_WORK TO COMPLETE_:
Across all the entries below, how many lines mention the string "kitchen"? Respond with a single number.

_PROVIDED RECORDS_:
══════════

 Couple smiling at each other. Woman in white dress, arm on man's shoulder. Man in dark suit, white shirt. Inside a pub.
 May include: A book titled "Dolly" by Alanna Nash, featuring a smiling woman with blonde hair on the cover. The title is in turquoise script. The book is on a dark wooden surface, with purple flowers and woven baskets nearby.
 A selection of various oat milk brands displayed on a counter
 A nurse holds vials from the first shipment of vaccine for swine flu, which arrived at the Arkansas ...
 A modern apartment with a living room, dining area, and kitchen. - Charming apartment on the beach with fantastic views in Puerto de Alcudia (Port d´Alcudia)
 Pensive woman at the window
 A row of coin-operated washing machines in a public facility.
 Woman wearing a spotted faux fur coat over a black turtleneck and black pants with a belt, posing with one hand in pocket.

══════════

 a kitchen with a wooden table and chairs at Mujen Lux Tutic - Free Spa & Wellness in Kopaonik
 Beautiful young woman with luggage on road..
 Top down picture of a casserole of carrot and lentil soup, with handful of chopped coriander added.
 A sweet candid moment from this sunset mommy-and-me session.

══════════

_RESULT OF THIS EXERCISE_:
2